Validating your Ideas

The fist step is to do as much as you can to validate or reshape your original idea. In the beginning, our idea was fuzzy at best, but we drafted a few mockups, threw together a quick sign-up page, and made a small AdWords buy.

We also got lucky.

A few blogs picked up on our landing page and shared it with their audience. This gave us a good base of potential users that we could engage for idea validation. We began the validation process by conducting 10 product preview sessions where we walked potential users through a series of product mockups. Each of these sessions were recorded, and shared with the entire team.

This step was crucial. It helped us identify the real problems that we needed to solve and helped shift and mold our idea almost immediately. We validated our idea, and modified it based on our early feedback.

Input: Creating a feedback loop

The next phase in our process was to launch a minimum viable product, commonly referred to as an MVP. It was literally the most basic thing we could come up with, but it allowed us to put a working idea into our customer’s hands.

We included Intercom (an essential tool) in the release, and regularly asked for feedback using a series of surveys and automated in-app messages. This created a continuous stream of input while we were building the real thing.

Overall, this phase taught us a lot about who our customers were, and who they were not. It also stung a bit at times. Des, here at Intercom, has a great post about overcoming some of the fears associated with real feedback. They are real, but so worth overcoming.

In addition to the feedback cycle, this step engaged our users in the product and began investing them into the final vision. Later, this would prove to be a nice catalyst for future sales.

Iteration: Stubborn on Vision, Flexible on Details

One of my favorite quotes is from founder Jeff Bezos.

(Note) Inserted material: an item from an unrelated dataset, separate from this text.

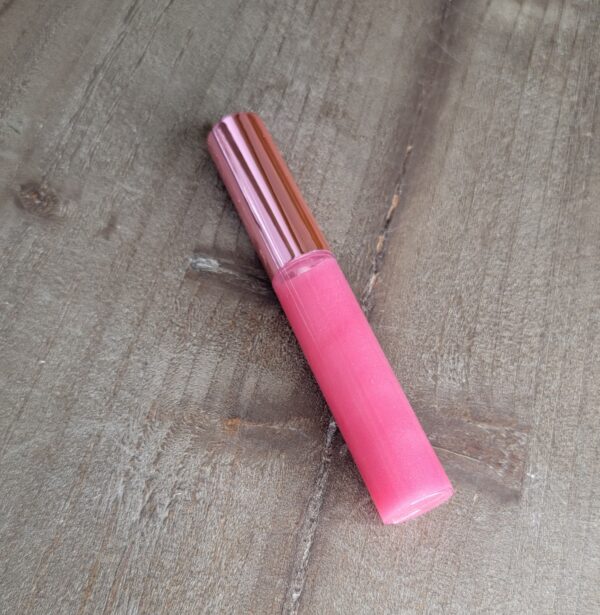 Pink lip gloss on wooden surface.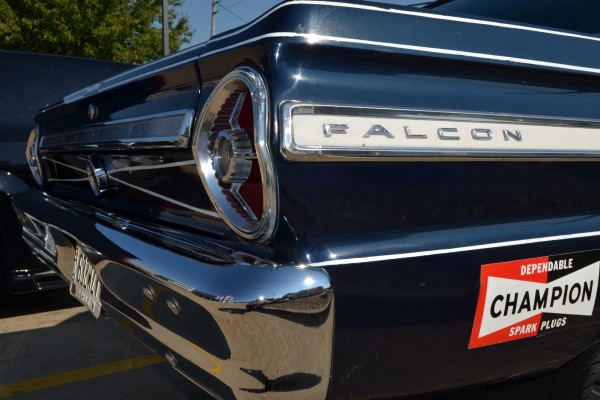 close up of rear fender emblem on flank of a 1965 Ford Falcon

While addressing the employees of the Washington Post after his recent acquisition, Jeff said that the plan for going forward was to be stubborn on the vision, but flexible on the details. This is the exact approach that we need to take with our feedback.

One of the big gotcha’s in customer feedback is to resist feature creep. Once we get feedback coming in, we not only need to iterate on it, but to also evaluate it to make sure that it is in line with our true audience. We need to build to support our customers, not all users. Customers are the ones who pay for your product.

To do this, we initiated a CoPilots program that included a select group of people that we deemed “highly likely to purchase” after launch. This core group agreed to use the product in a production environment and provide weekly feedback via Google+ Hangouts in exchange for free use of the product. It was a win for everyone involved.

A Team Effort

As a final tip, I would say that we need to make the entire team a part of this entire process. Although time consuming, keeping all team members on level with your users is a good thing. We recorded, reviewed, and digested most interviews and even re-watched them at key points during development. You will never go wrong including your entire team.

For the SAAS market, the idea, input, iteration loop is a cycle that never ends.